There are people who complain, seeing insurmountable problems everywhere, and there are people who take action infused by hope and informed by facts and evidence. We were thrilled to see people in the latter category, working for the future of the city's children, and thus all of us, honored this week by Colin and Alma Powell's America's Promise Alliance. The alliance named Jackson one of the country's 100 Best Communities for Young People.
What's farsighted—and very Powell-esque—about this award is that it's not given to communities with few challenges or to those that have overcome their problems. It is awarded to communities that unite to solve them.

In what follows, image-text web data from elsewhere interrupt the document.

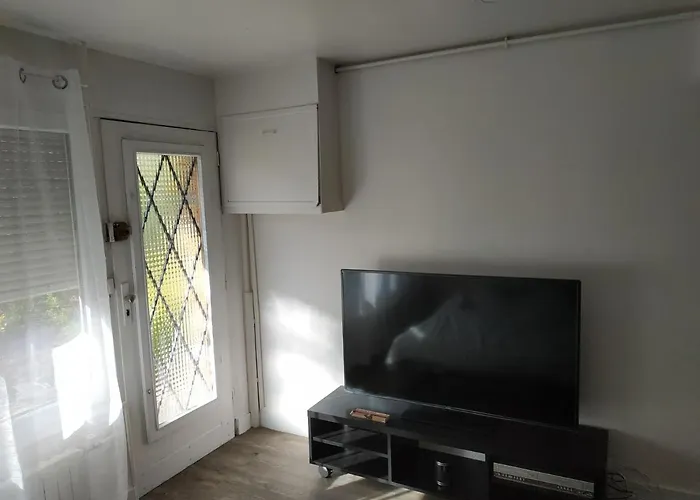 3 Soeurs 아파트 *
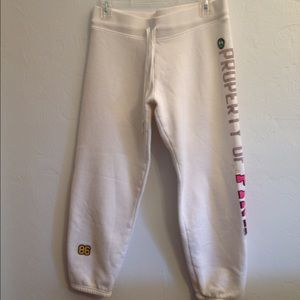 Victoria's Secret PINK lounge sweat pants!
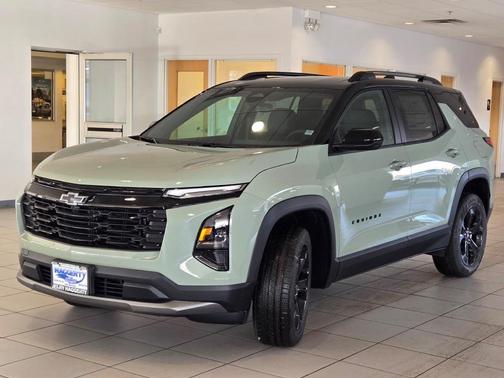 2026 Chevrolet Equinox 1LT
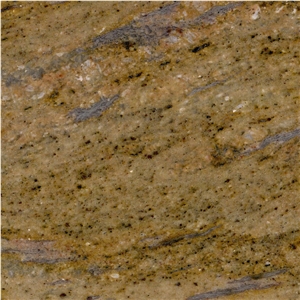 Amber Golden Granite Tile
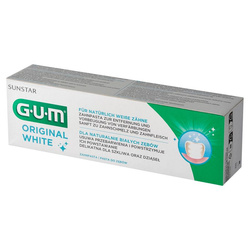 GUM ORIGINAL WHITE Pasta do zębów, 75 ml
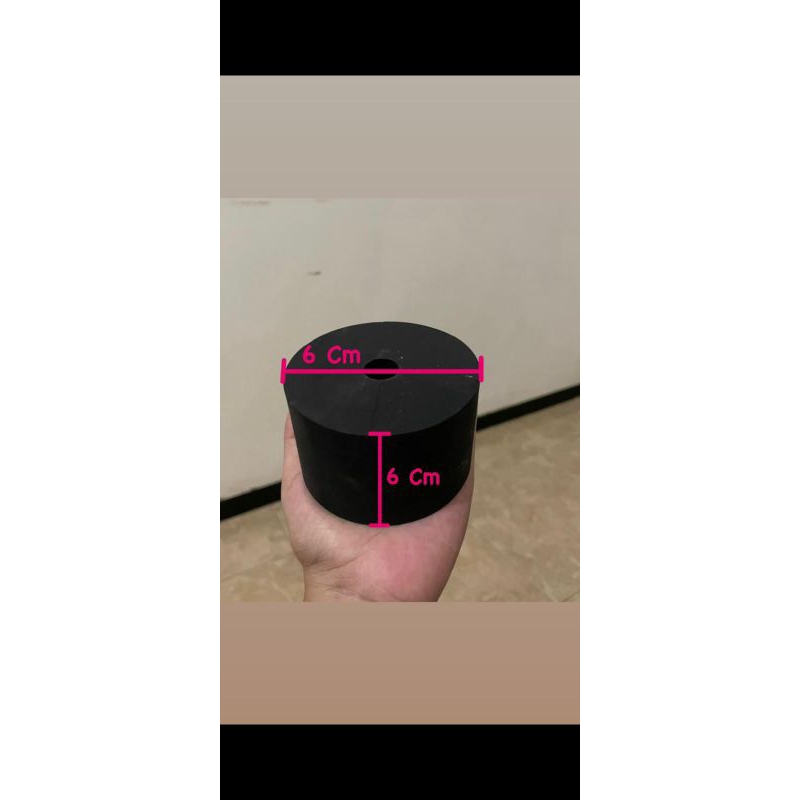 PROMO Roll karet untuk mesin tusuk sate 66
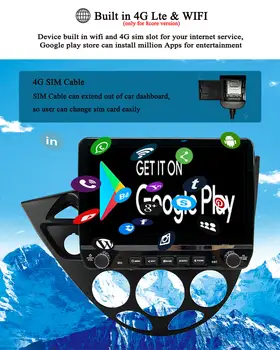 10 best sales radio ford focus 2002 2004 - №9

Often lost in political and crime rhetoric about Jackson is the vast alliance of groups and individuals who are determined to attack our problems at their roots. This coalition contains Democrats and Republicans, young and older, and a variety of races. These are people who recognize the challenges our young people face in a city where a quarter of the residents live in poverty. Poverty is not the sole cause of crime, but as Richard Rhodes reports in his book, "Why They Kill," young people who grow up in poverty are more likely to act out when other difficult conditions exist. Those conditions range from growing up in violent cultures and abusive homes to being from communities that are constantly disparaged in the mainstream media, thus increasing feelings of hopelessness and inequality.
It's not easy to dismantle the deck many of our children have stacked against them, and many will shrug and tell us just to arm ourselves against "the other."
Fortunately, the solution is more sophisticated than yelling "DRAW!" This city is blessed to have dedicated people—from city leadership to social-service organizations—who take the time to learn the best practices that it will take to change our city. They are also smart enough to know that we must plant a tree today in order to see it grow leaves a few years from now.
Powell's group knows that just one thing, or one person, cannot solve the challenges. It urges five promises for children: caring adults, safe places, healthy habits, effective education (including early childhood) and opportunities for young people to then help others. In his book, Rhodes reports on the need for "pro-social" behaviors to help children develop empathy skills for others. (See Elizabeth Waibel's report about teaching etiquette skills to Chastain students for one example. Kids with good manners are more successful.)
It may not be fashionable in some (boorish) circles to believe in Jackson and our young people, but it is the only route for anyone serious about reducing both poverty and crime. It should not be political, and Republicans such as Powell and our own Jim Barksdale, a strident proponent of public education, demonstrate how smart people must approach crime and poverty. Let's all follow their lead.